Diamant and Bean are especially fond of their deck, which is enclosed by a stockade-style fence. Bean established a garden on one side of the building, and she and Diamant planted trees on the other side to define the green space and decrease its exposure to the historic Company Hill Path, which runs alongside the building; in the process, they’ve created a miniature park. “Having a garden is such a cool thing for us city dwellers,” says Diamant. “In New York, we were 50 feet in the air.”

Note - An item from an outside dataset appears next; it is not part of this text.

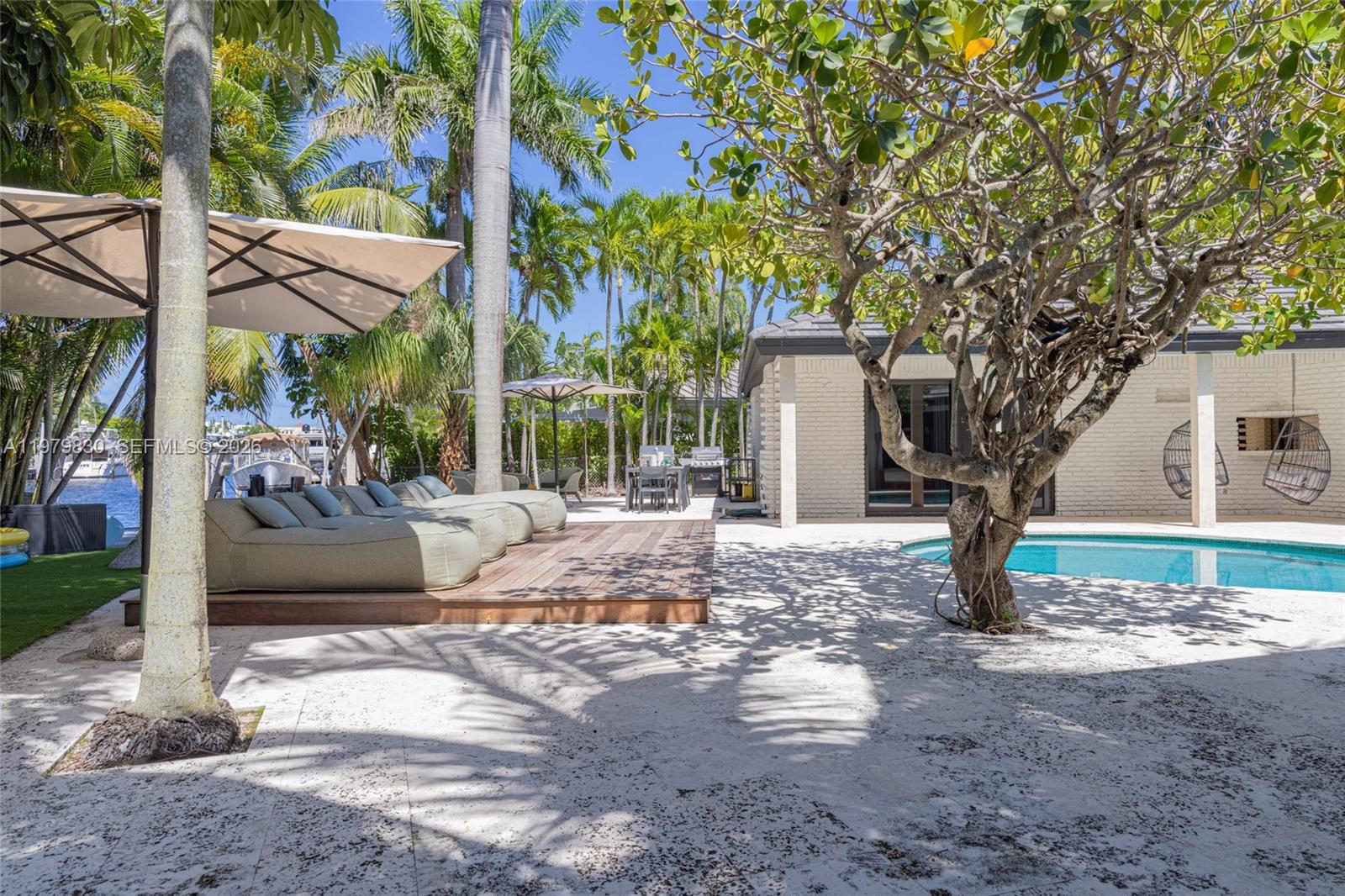 CORAL RIDGE GALT ADD - Residential Lease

People regularly use the path for exercise, dog walking, or as a shortcut to waterfront restaurants, and they’re often curious about Rondout Mews, having known the building in one its previous lifetimes or watched its renovation. Since Diamant and Bean spend a lot of time on their deck, grilling dinner and relaxing, they frequently chat with passersby, sharing the building’s history. Occasionally, the couple is even asked for permission to walk down the path by visitors who don’t realize it’s a public area, and Diamant, who has a wry sense of humor, jokes that he always grants it. “There’s community here like none I’ve ever experienced,” he says. “People are so much easier to engage in Kingston.”